In the story, Hatsue Miyamoto, a young, beautiful but often rebellious Japanese-American left behind a love for a Caucasian male, Ishmael Chambers during the troubled times when Japanese-Americans where treated with hostility. A rapturous love that they both kept a secret at a time when such a love was unacceptable.

After the war, they met again in San Piedro. But this time, Hatsue is already married to the accused man on trial, Kabuo, whom she met in Manzanar, one of the relocation camps. Ishmael, on the other hand, having lost an arm in the war continued her father's legacy of running a newspaper and officially became a reporter on Kabuo's trial. But even so, Ishmael still feels regret over how his childhood love with Hatsue has ended. For a small community like San Piedro, to be brought again in a way that divides color and beliefs was heartbreaking reminder of tainted history of the discrimination of the Japanese Immigrants who surprisingly gave no visible protest and silently followed the directive as they were hauled and uprooted from their homes to the camps. Ishmael on the other hand felt a different kind of misery and longing for his one true love, especially knowing that Hatsue has moved on with her life and considers their love as a distant past and a foolish notion of a naive girl.
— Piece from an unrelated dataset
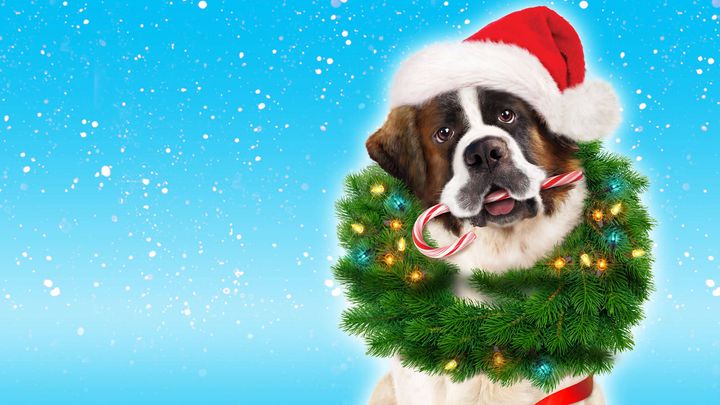 Una scena tratta dal film Beethoven - L'avventura di Natale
And because I have read this over and over again, on this review I have come to understand a part of the reason why it is titled Snow Falling on Cedars. Inside the hollow of the cedar tree, where Hatsue and Ishmael always secretly meet and where their love blossomed, is a secret world apart from the world outside in which the falling snow is a blanket on their passion hindered by strict traditions. Inside, it was easy to forget divisions and obstacles. It appears as though that everything seems possible.

At the end,by some twist of fate, Ishmael, the forgotten lover, was the one who proved Kabuo's innocence for the murder. The whole trial has enabled him to understand and accept the things in the past that cannot be undone and to live with the decisions made at the moment when it was necessary to make them.